La citation de Marie-Hélène Lafon placée en exergue donne le ton au recueil de poésie : « Toujours les chemins reviennent à eux, nous reviennent, donnés, ouverts ». Que la poétesse nous transporte au Mexique, à Gizeh, à Haïti ou encore à Montréal, l’Abitibi n’est jamais bien loin, comme en témoigne la strophe d’ouverture de l’œuvre : « Même au centre-ville / angle Saint-Laurent et Sainte-Catherine / on est quelque part en Abitibi / mon père et moi / et le ciel nous manque ».

Le voyage constitue d’ailleurs le fil conducteur du recueil, le déplacement s’avérant nécessaire à la création de ces « ciels métissés », qui font se côtoyer plusieurs espace-temps. Il en va ainsi du métro de Montréal, qui nous transporte dans un imaginaire abitibien : « Comme des mineurs / on descend dans les entrailles / de la terre lambrissée / de marbre et de béton ». En outre, difficile de représenter l’espace abitibien sans évoquer la fameuse traversée de la réserve faunique La Vérendrye, « [l]a route 117 [qui] n’en finit plus », ce passage obligé si familier aux gens de la région. Desjardins a aussi recours à des images dont la parenté avec celles de son recueil La 2e Avenue est certaine; il s’agit d’images de l’Abitibi minière, de l’Abitibi dévastée par la pollution, notamment dans ces vers qui mettent en scène Noranda : « Les dahlias de la Polonaise / flétrissent au soleil vert / shootés d’anhydride sulfureux // La fonderie s’époumone / pour bien nous mettre en garde / avant le cataclysme final ».

Pour l’auteure, l’Abitibi semble être d’abord et avant tout le pays de l’enfance, dont les souvenirs sont entre autres traversés par la musique country ‒ par l’entremise de Willie Lamothe et de Dolly Parton ‒ et la culture états-unienne, emblématiques du Noranda des années 50 qu’elle décrit aussi dans son roman La love. Ce sont des souvenirs doux-amers, marqués par les « bleus [du] cœur » et les « mots d’acier trempé », qui sont explorés dans les Ciels métissés. Tentative d’exorciser le passé ou vengeance sur la vie par l’écriture? Quoi qu’il en soit, l’« enfance stagnante » de la poétesse semble faire partie de sa poétique, alors qu’elle « revien[t] et revien[t] » dans sa région natale à travers ses œuvres.

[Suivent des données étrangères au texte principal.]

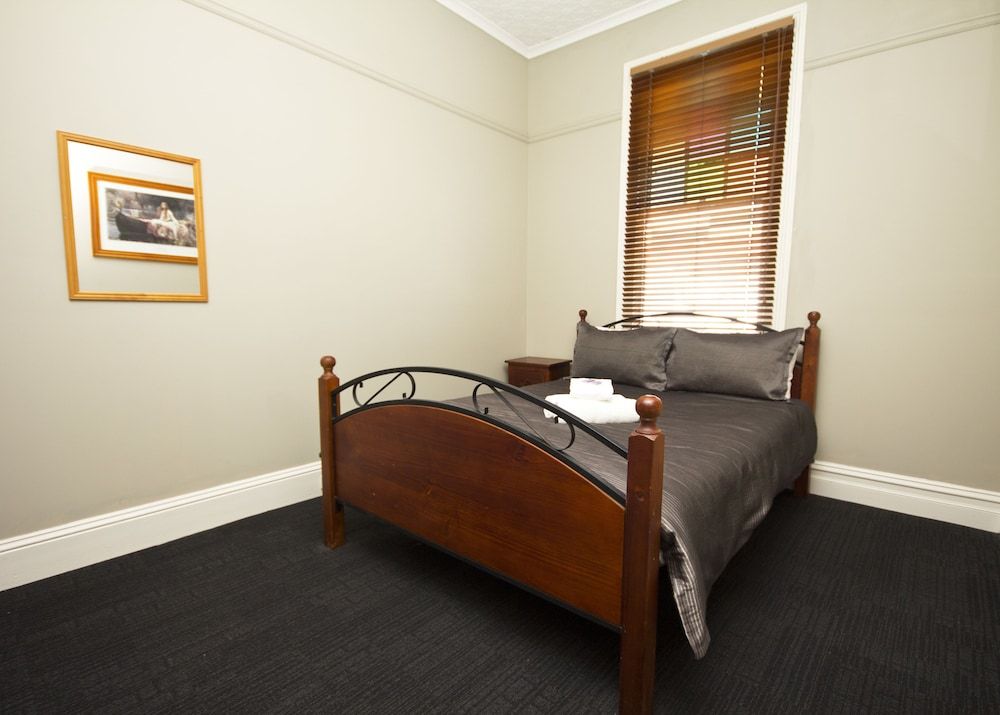 Peden's Hotel Standard Room, Non Smoking, Shared Bathroom (Double Room) 3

Quoique souvent tourné vers les souvenirs d’enfance et de voyage, le recueil s’ouvre néanmoins sur l’avenir dans sa deuxième partie. La poétesse semble adresser certains vers à ses petits-enfants ‒ à qui elle dédie d’ailleurs l’ouvrage ‒ et leur écrit sur une note optimiste qu’ils sont les « bras ouverts / de tous les impossibles ». Heureusement, Louise Desjardins n’a probablement pas encore épuisé son chant d’amour-haine pour l’Abitibi; les dernières strophes de l’ouvrage semblent annoncer l’éternel retour vers cette terre qui fait partie intégrante de son imaginaire : « Mais il y a ce ciel / toujours trop beau / criblé d’étoiles cruelles / surplombant ce désert // Et cette blancheur ultime / pour tromper l’angoisse // À perte de vue / à perte de sens ».

Desjardins, Louise, Ciels métissés, Trois-Rivières, Écrits des Forges, coll. « Poésie », 2014, 75 p.